When my dad married the person I call my stepmother he gathered up my brothers and me to live once again as a family unit. My stepmother, who was just about the the same age as my father, had never been married nor had been around children, raised children, or had any herself. So said, her view of what she thought of as family, and although I loved her view and her too, was a little skewed from what my family was before my mother died. My stepmother hired people to do everything. So family-wise, my older brother, who only my dad and godfather could control, was overseen by our godfather. I fell under the auspices of my Uncle and my younger brother was taken care of by a nanny or a series of nannies. My brothers and I and our caretakers, nannies, et al, stayed on the same property my uncle's art studio was located, a place everybody called the compound while my stepmother lived in an exclusive behind the gate estate community some distance away

One summer her namesake niece stayed with her and in the process, in that the niece was several years older than my younger brother and me my stepmother had her babysit us some of the time in an effort to offer some relief to my uncle and others. Directly across the street from my stepmother's house lived a family or some notoriety, the Halliburton's of Haliburton Oil. During the summer my niece was visiting a son of old man Halliburton named David fell hard for her, and of which I think, even though he was in his late teens or early twenties was most likely his first and thus then, his most unforgettable summer of love.
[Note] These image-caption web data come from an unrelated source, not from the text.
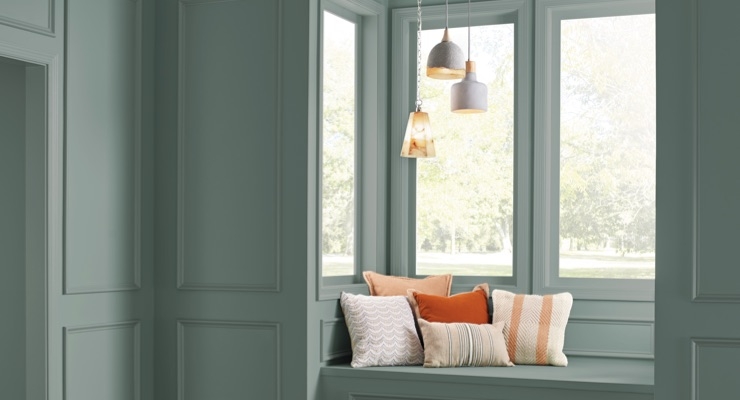 Behr Paint Picks 2018 Color of the Year, Introduces New Palette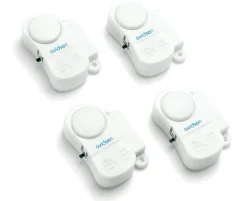 Avidsen-Set Van 4 Mini Alarmen-Deuren En Ramen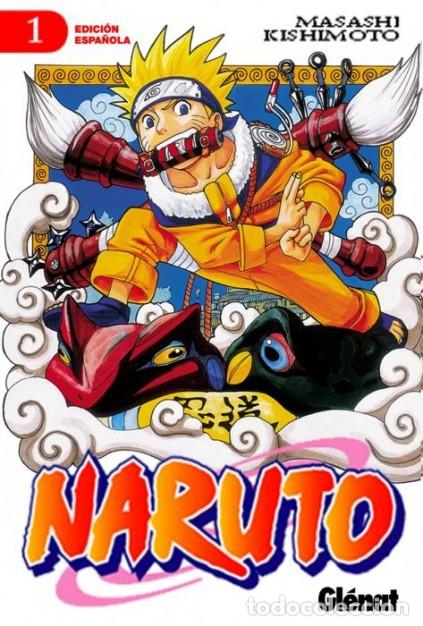 C&oacute;mics: Naruto n&ordm; 1 al 49, GLENAT - Foto 3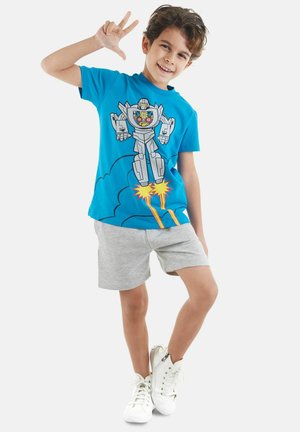 SET ROBOT - Shorts - mehrfarbig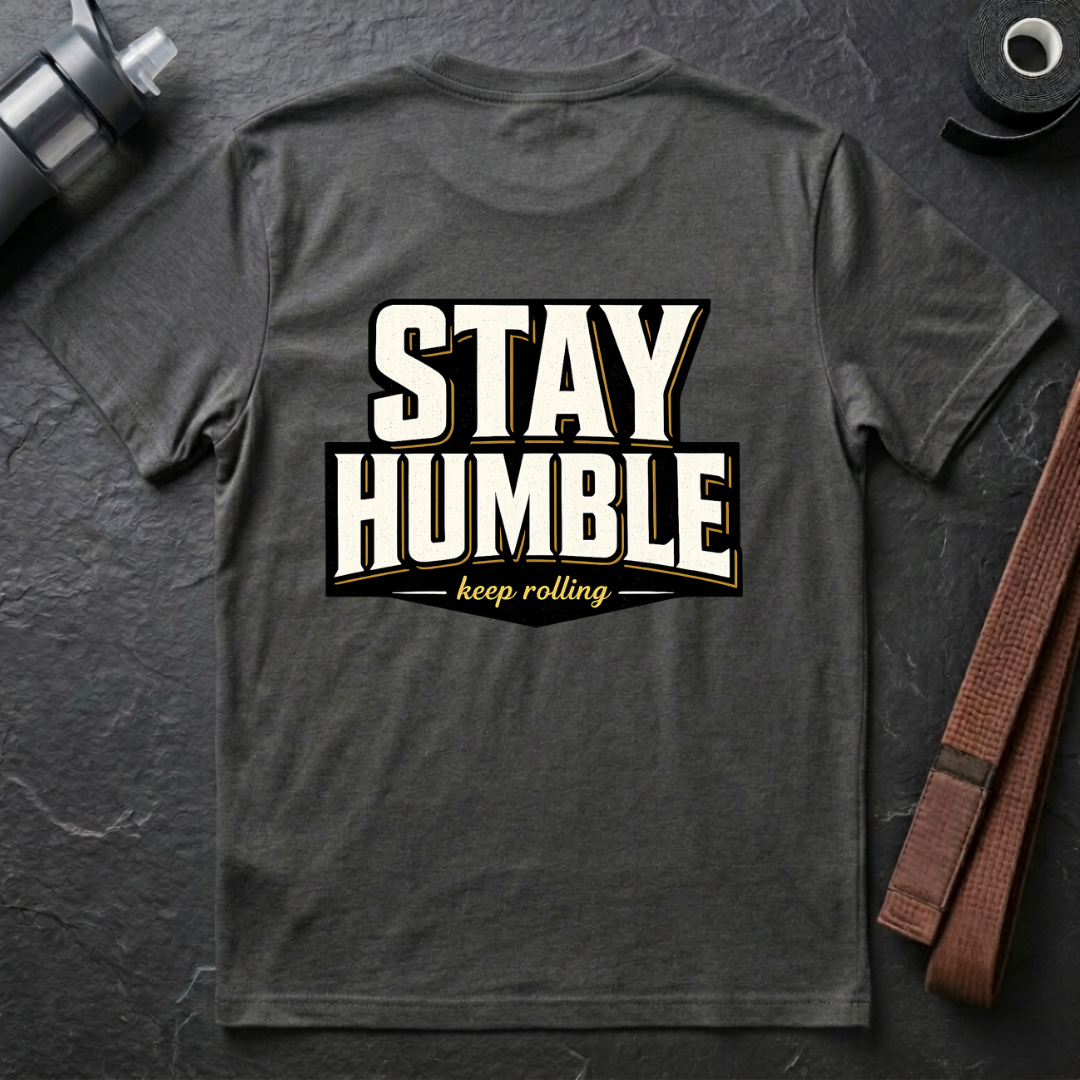 Keep Rolling T-Shirt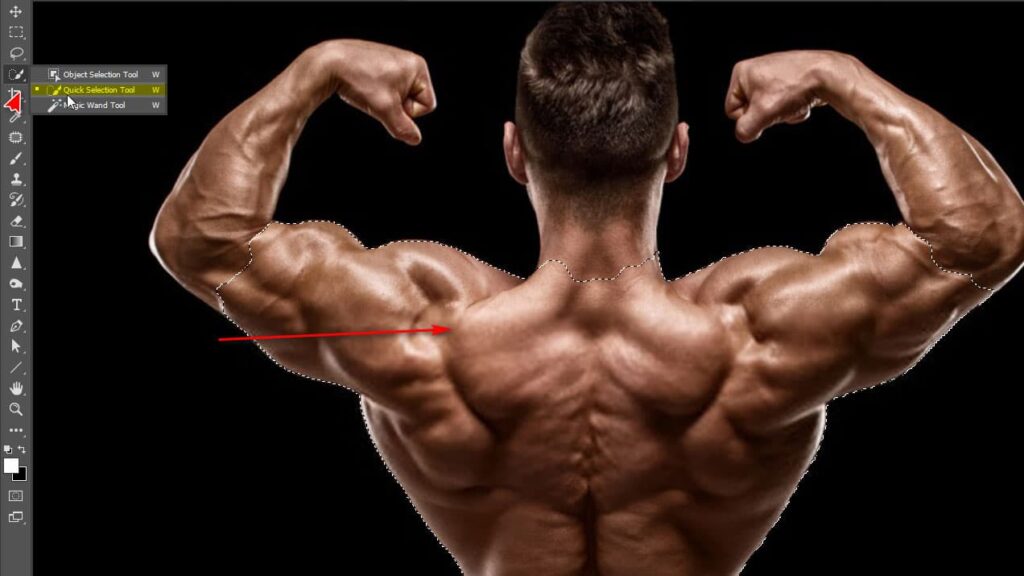 Cách áp chất liệu vào chủ thể trong Photoshop 16 Cách áp chất liệu vào chủ thể trong Photoshop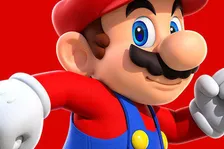 Oznámen animovaný film Mario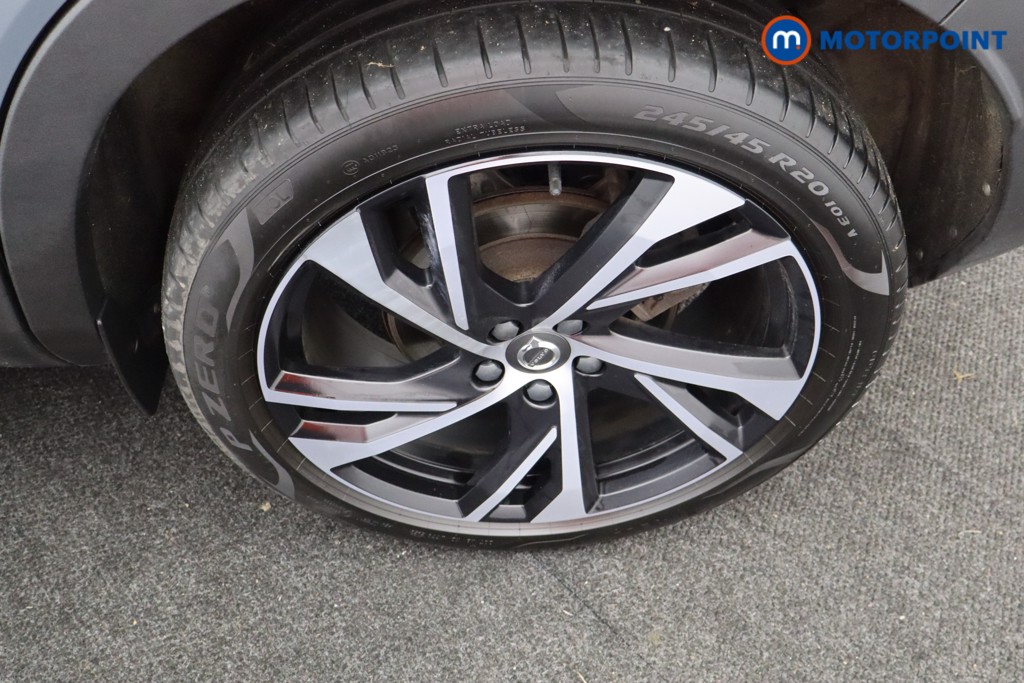 Volvo Xc40 R Design Pro Automatic Petrol SUV - Stock Number (1602033) - 21st supplementary image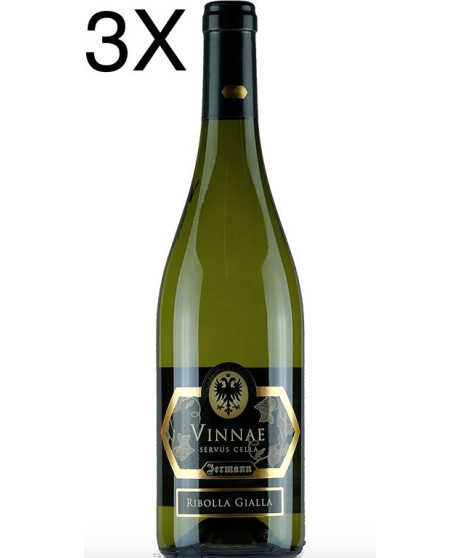 (3 BOTTIGLIE) Jermann - Vinnae 2022 - Ribolla Gialla - Venezia Giulia IGT - 75cl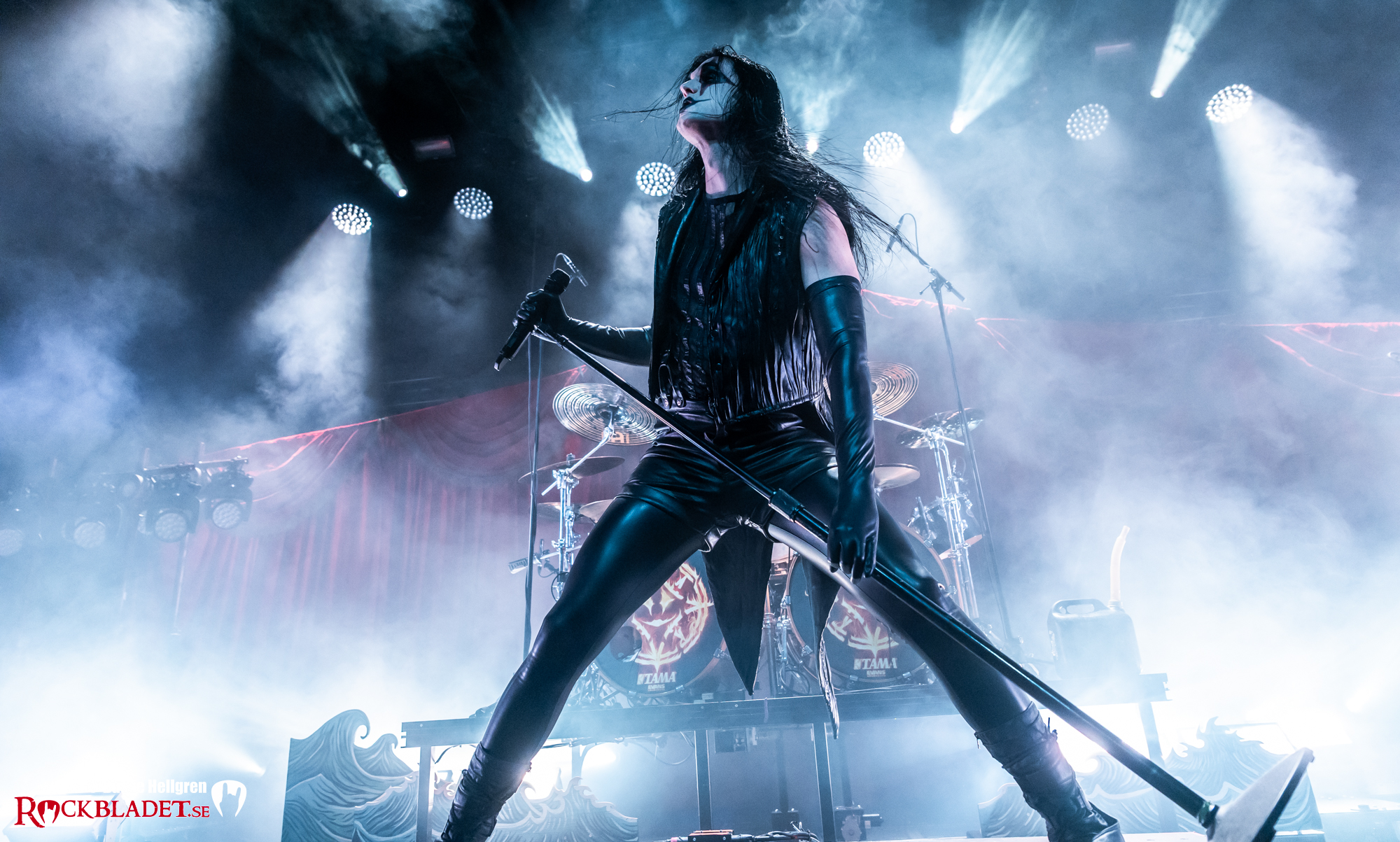 FOTOGALLERI: Avatar, @Fållan, Stockholm - 5/2-2026 - ROCKBLADET.SE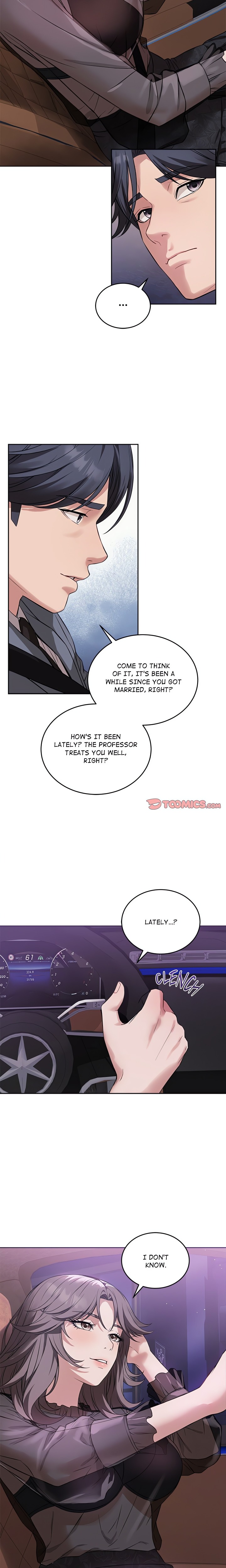 I’m Here for You (Uncensored) - Chapter 8 Page 2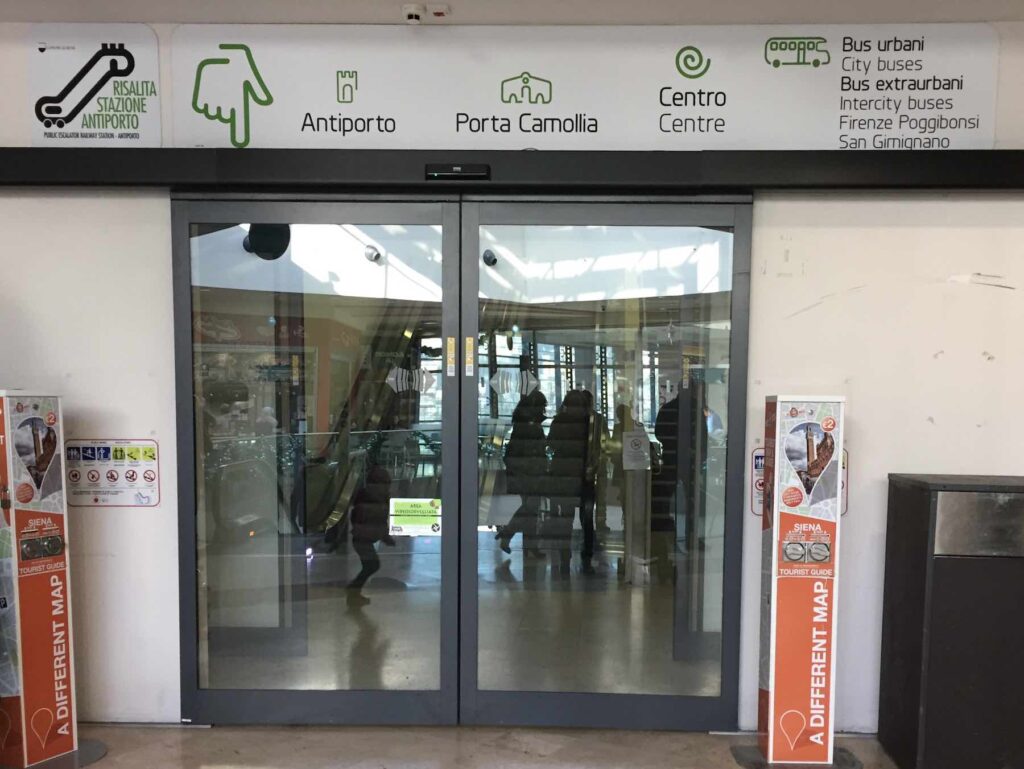 Where to Park in Siena Tips, Rates, and Locations Tuscany.tips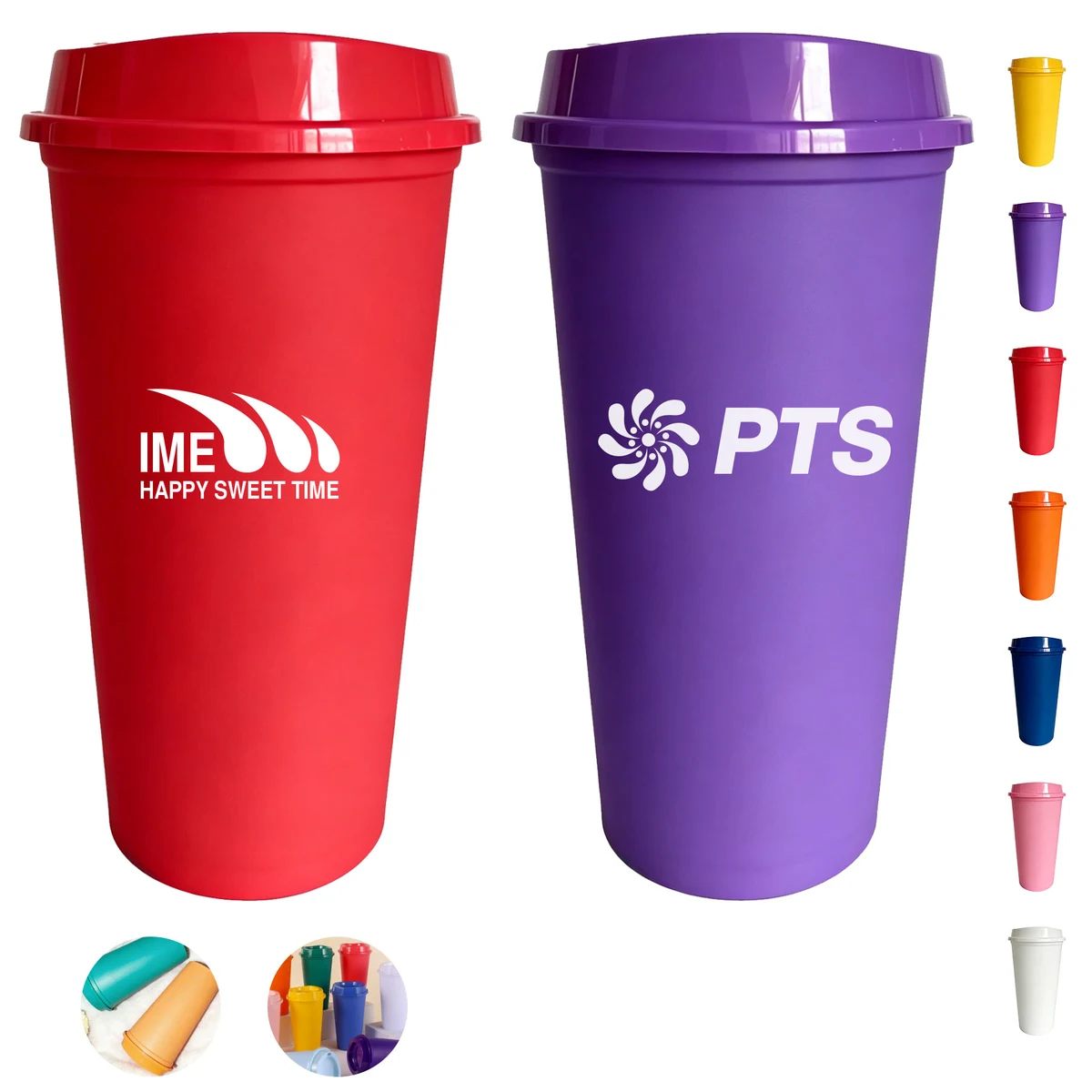 Travel Reusable Coffee Cup 1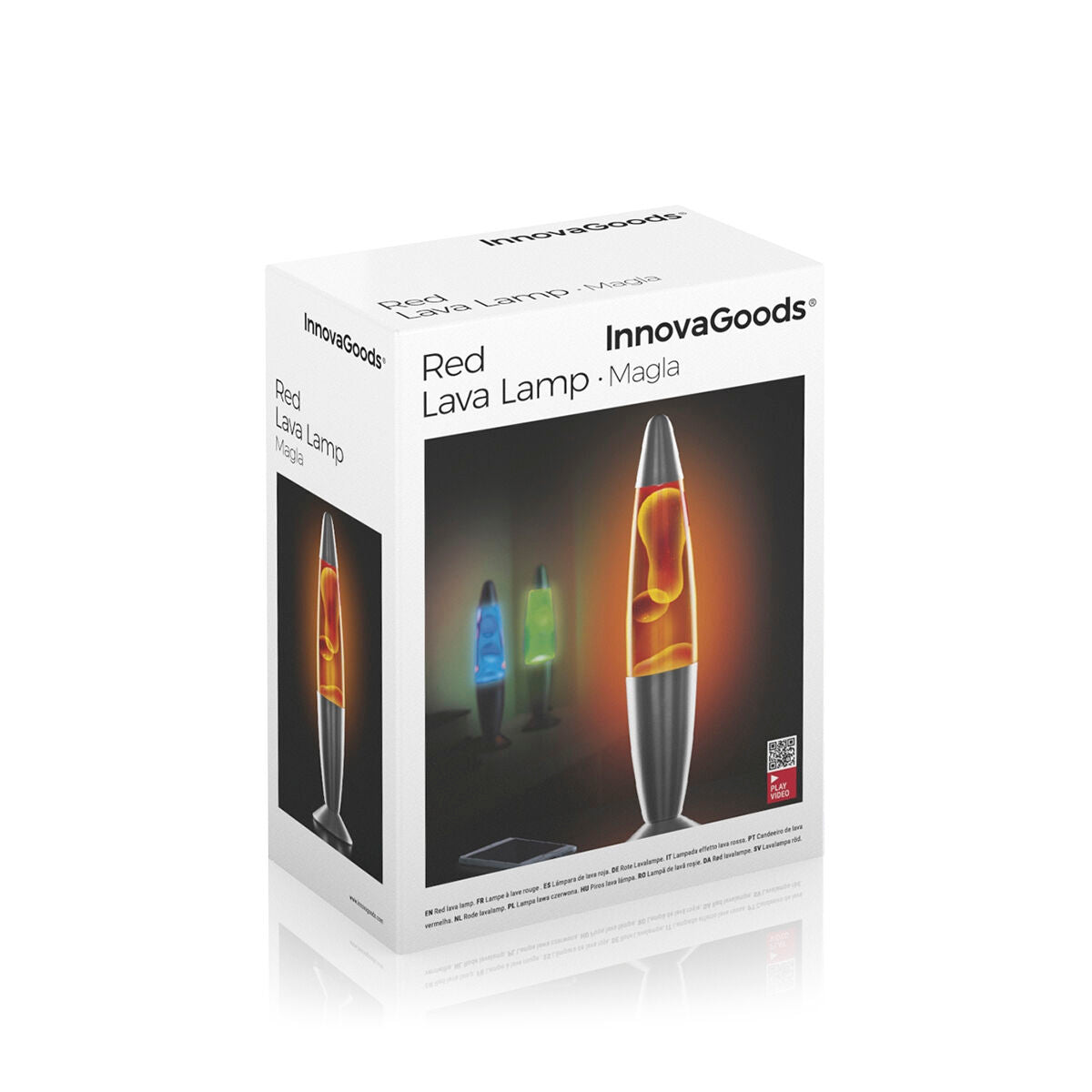 Dijilax Shop™ Lava Lamp Magla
The son, David, eventually ended up being David Halliburton, Sr., a semi-avid yachtsman and marlin fisher, and, although a heir to a good part of the Halliburton Oil fortune, a man in his own right. From a young boy onward Halliburton loved the area in and around the tip of the Baja Peninsula, re the following:

"As an adult, David Halliburton Sr. frequently returned to Baja to fish with friends including Baron Hilton, Dean Martin and John Wayne. Partly so their wives would make the trip, instead of complaining about the men's frequent Mexican fishing excursions, David Sr. built the peninsula's first upscale resort, the Twin Dolphin, in 1977."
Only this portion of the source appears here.